Prince William quietly paid his respects to the six million Jews murdered in the Holocaust during a visit to Yad Vashem, the World Holocaust Remembrance Center, on Tuesday.
The Duke of Cambridge was in Jerusalem as part of his five-day visit to the Middle East on behalf of the U.K. government. On Sunday, William, second in line to the British throne, landed in Jordan for a “non-political” tour of the Middle East in which he will balance duties both royal and diplomatic.
During his stay in Jerusalem today, William spent an hour and a half walking through the halls of Yad Vashem.
“Terrifying. [I’m] trying to comprehend the scale,” he reportedly said, as he walked through the various displays and exhibits. In the Hall of Names, the royal paused to read some of the personal histories of the millions who perished during the Second World War.

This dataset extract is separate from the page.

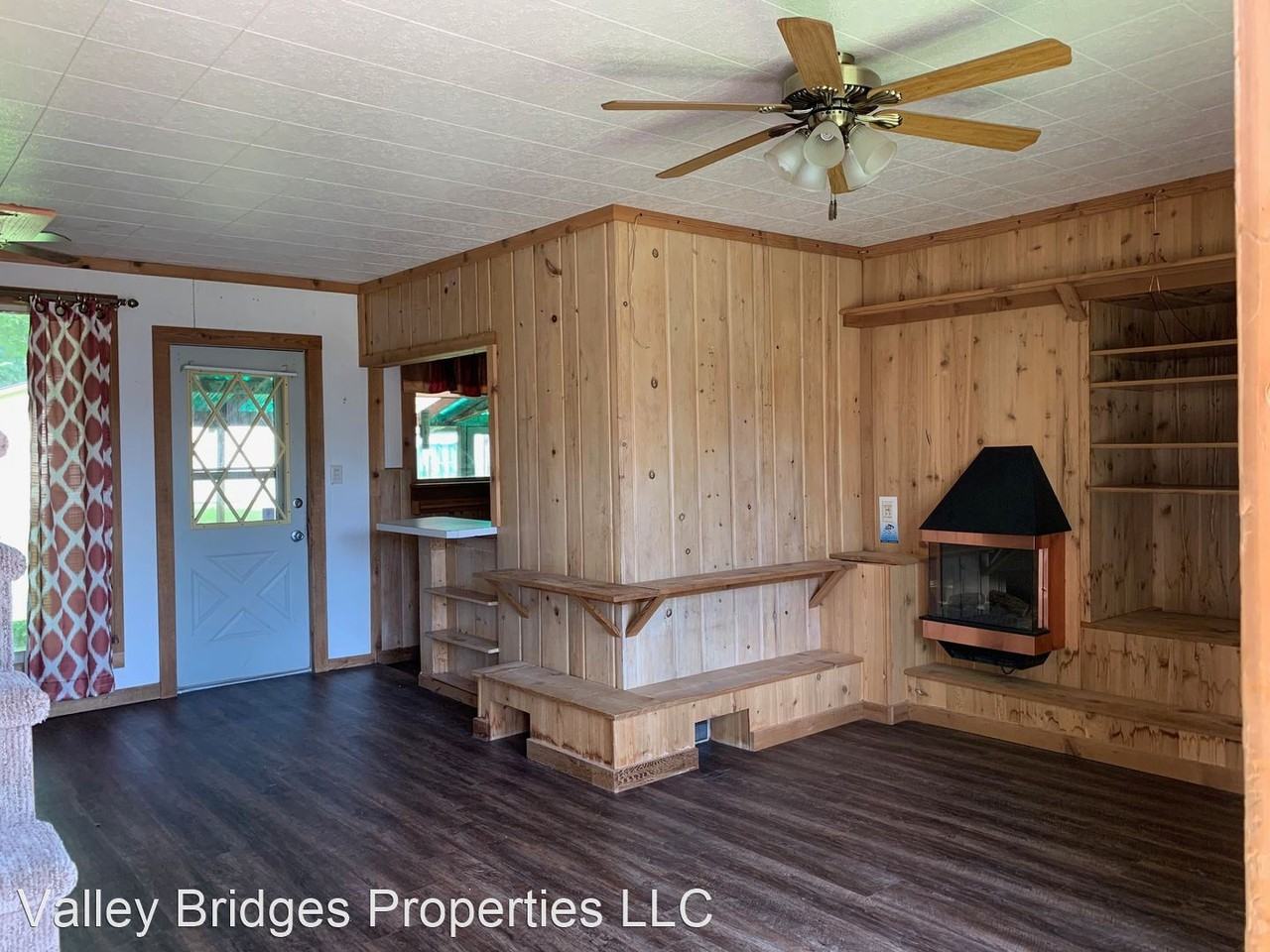 353 6th Ave Se - Photo 3 of 21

As a sign of respect, William wore a traditional kippah on his head as he later laid a ceremonial wreath in the Hall of Remembrance.
The trip’s significance has been noted by many as it marks the first official government-designated visit to Israel by a senior member of the British Royal Family.

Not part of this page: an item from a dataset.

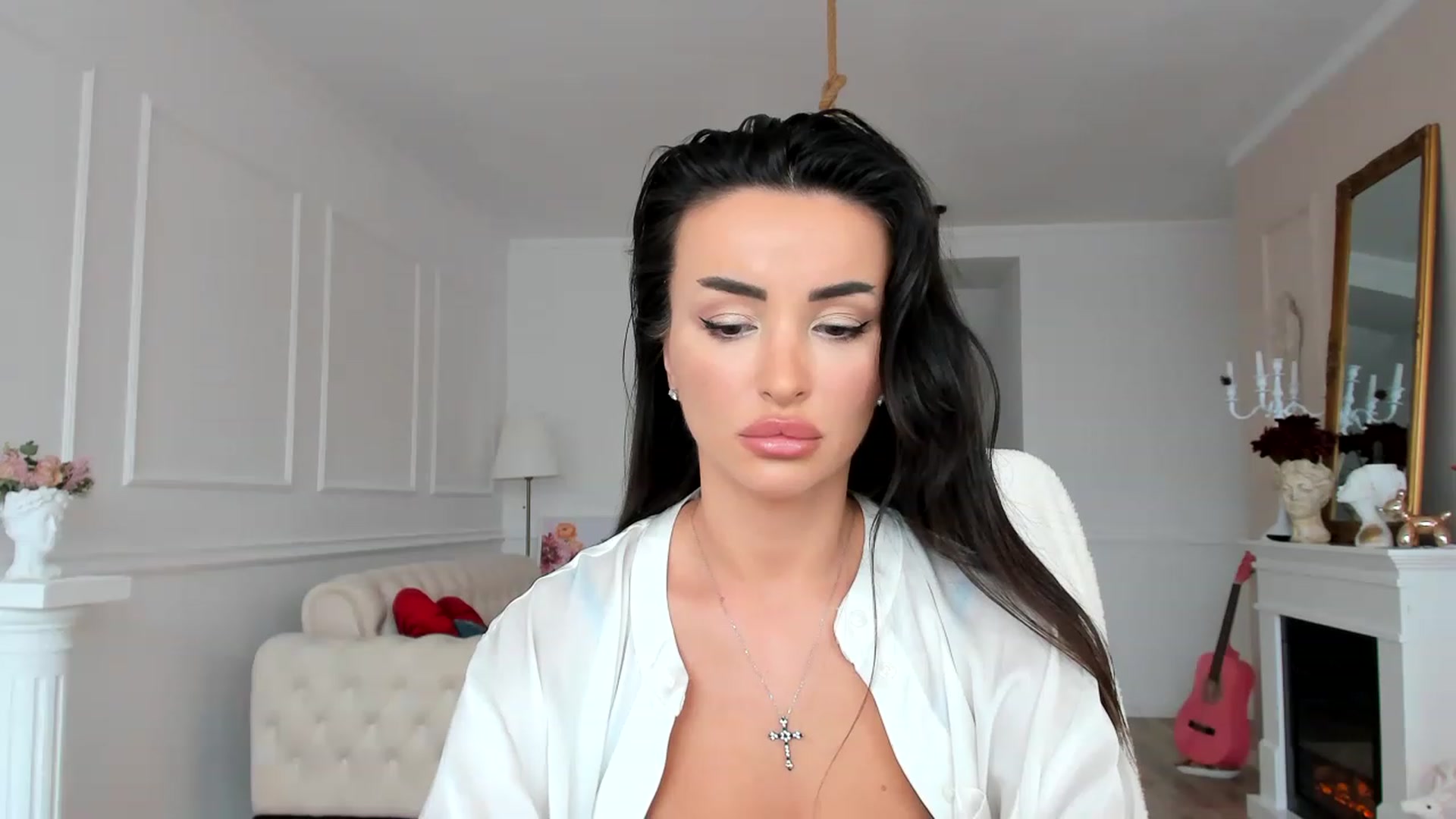 Gallery image thumbnail from AlyssiaKENT1's myfreecams stream on, 12/18/2022, 10:54 image 7 of 20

Despite the gravity of William’s trip, however, he isn’t the first royal to visit Yad Vashem. In 1994, his grandfather, Prince Philip, travelled to Israel for a Yad Vashem ceremony that honoured his mother, Princess Alice of Battenberg who saved Jews during the Holocaust by throwing open the doors of her palace in Greece as a place of sanctuary. More recently, in 2016, Prince Charles attended the funeral of former President Shimon Peres.
Afterward, William shared warm smiles and handshakes with Israeli Prime Minister Benjamin Netanyahu and his wife Sara before meeting with Israel’s President, Reuven Rivlin, at his private residence.
In a statement before the tour, William’s spokesman Jason Knauf said, “The complex challenges in the region are of course well known. The non-political nature of His Royal Highness’s role — in common with all Royal visits overseas — allows a spotlight to be brought to bear on the people of the region: their cultures, their young people, their aspirations, and their experiences.”
According to numerous British news outlets, the historic trip was four years in the making and was originally scheduled to be performed by Prince Harry, but his wedding to Meghan Markle, Duchess of Sussex, created numerous scheduling problems and it was ultimately reassigned to the future king.